Louis René Édouard de Rohan known as Cardinal de Rohan (25 September 1734 – 16 February 1803), prince de Rohan-Guéméné, was a French bishop of Strasbourg, politician, cardinal of the Roman Catholic Church, and cadet of the Rohan family (which traced its origin to the kings of Brittany). His parents were Hercule Mériadec, Prince of Guéméné and Louise Gabrielle Julie de Rohan. He was born in Paris.
Members of the Rohan family had filled the office of Bishop of Strasbourg since 1704, which made them princes of the Holy Roman Empire and the compeers rather of the German prince-bishops than of the French ecclesiastics. Louis de Rohan was destined for this high office from birth. Soon after taking orders, in 1760, he was nominated coadjutor to his uncle, Louis Constantin de Rohan-Rochefort, who then held the bishopric, and he was also appointed titular bishop of Canopus, Egypt. But he preferred the elegant life and the gaiety of Paris to his clerical duties, and had also an ambition to make a figure in politics. In 1761 he was elected to seat 36 of the Académie française.
Louis de Rohan was a member of the palace cabal opposed to the Austrian alliance. This party was headed by the Duc d'Aiguillon who, in 1771, sent Rohan on a special embassy to find out what was being done in Vienna with regard to the partition of Poland. Rohan arrived at Vienna in January 1772, and made a great spectacle of himself with his lavish entertainments. Empress Maria Theresa was hostile to his intrigues; not only did he attempt to thwart her alliance with France, but as a vicar of the Church, he made little secret of his venal lifestyle.
On the death of Louis XV in 1774, Rohan was recalled from Vienna, and coldly received in Paris; but his family's influence was too great for him to be neglected; in 1777 he was made Grand Almoner of France, and in 1778, abbot of St. Vaast. In 1778, he was made a cardinal on the nomination of Stanislaus Poniatowski (the king of Poland). In 1779, Louis de Rohan succeeded his uncle, Constantine de Rohan-Rochefort, as bishop of Strasbourg, though he spent much of his career working in Paris, as he preferred a fashionable life to his clerical duties; also in 1779, he became abbot of Noirmoutiers and Chaise-Dieu. Despite his enhanced status, the Cardinal was poorly received at court, having made himself an enemy of Queen Marie Antoinette, the daughter of Empress Maria Theresa, whose disapproval he had earned in Vienna.

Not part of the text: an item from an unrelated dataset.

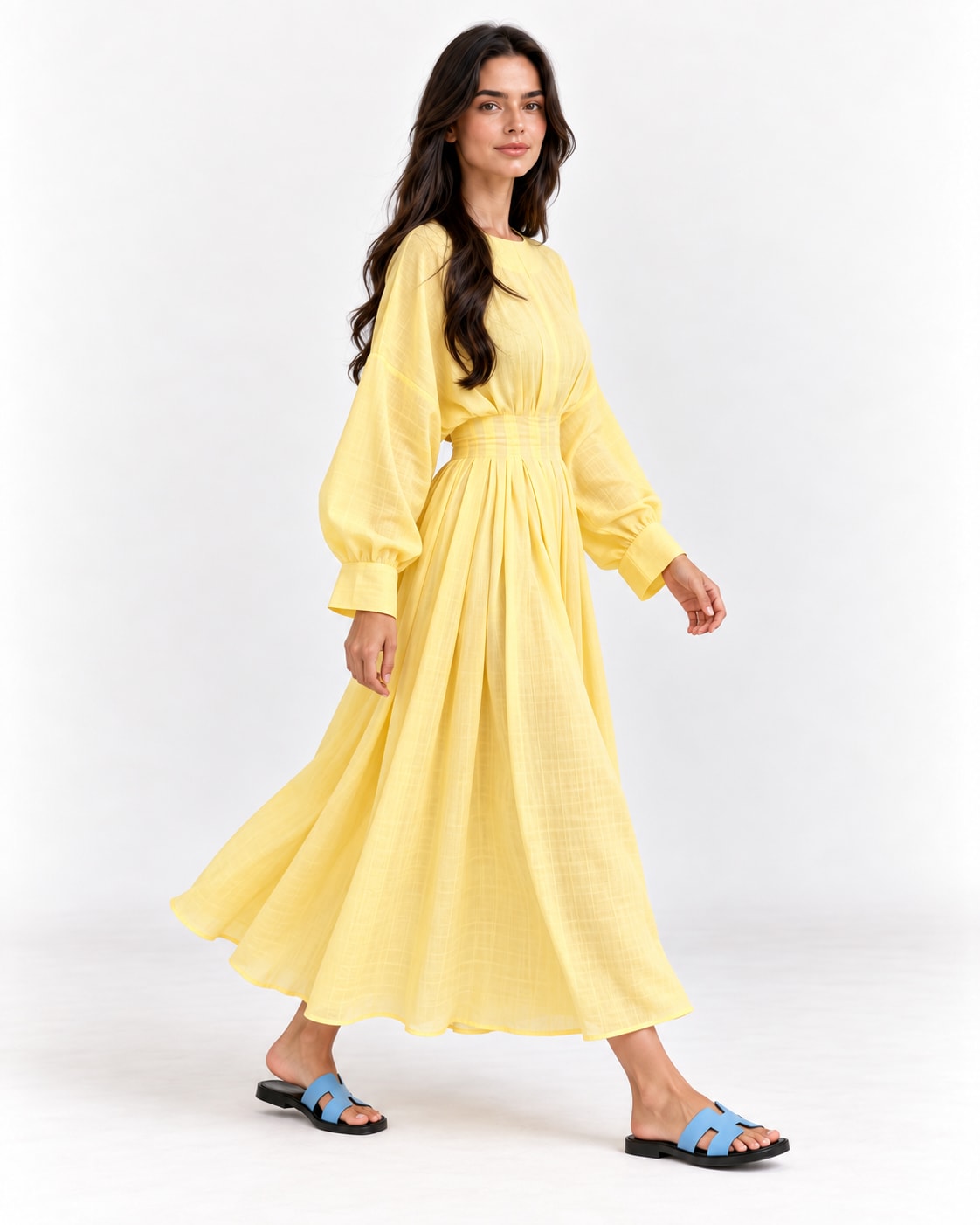 Robe longue plissee jaune pale Tsniout - vue en mouvement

Wishing to redeem himself in the eyes of the Queen, he fell into the hands of a gang of thieves, the comtesse de Lamotte, and others, perhaps including the notorious Cagliostro, whose actions form part of the "affair of the diamond necklace". Rohan was led to believe that his attentions to the Queen were welcomed, and that she approved his arrangements for her to purchase the infamous necklace. When the swindle was discovered, the Cardinal was arrested and implicated in the theft, though he was later found to have been an innocent dupe. At the trial in 1786 before the parlement of Paris his acquittal was received with popular enthusiasm, and regarded as a victory over the royal court at Versailles and, in particular, the Queen. He was deprived of his office as grand almoner and exiled to his abbey of Chaise-Dieu, where he was accompanied by his secretary, Louis Ramond de Carbonnières. The following year, he traveled to the thermal spas of the Pyrenees, spending the summer and the autumn in Barèges, where Ramond began his geological investigations.
Rohan was soon allowed to return to Strasbourg, and his popularity was shown by his election in 1789 to the Estates-General by the clergy of the bailliages of Haguenau and Wissembourg. He, at first, declined to sit, but when the Estates-General became the National Assembly, it insisted on validating his election. However, in January 1791, as a prince of the church, he refused to take the oath to the Civil Constitution of the Clergy, and went to Ettenheim, in the German part of his diocese. In exile, his character improved and he spent what wealth remained to him in providing for the poor clergy of his diocese who had been obliged to leave France. On 29 November 1801, he resigned his nominal office as Bishop of Strasbourg and went back to Ettenheim, where he died on 17 February 1803.
His role in the affair of the diamond necklace scandal is depicted in a 2001 American historical drama film, The Affair of the Necklace, directed by Charles Shyer, and in the anime Rose of Versailles.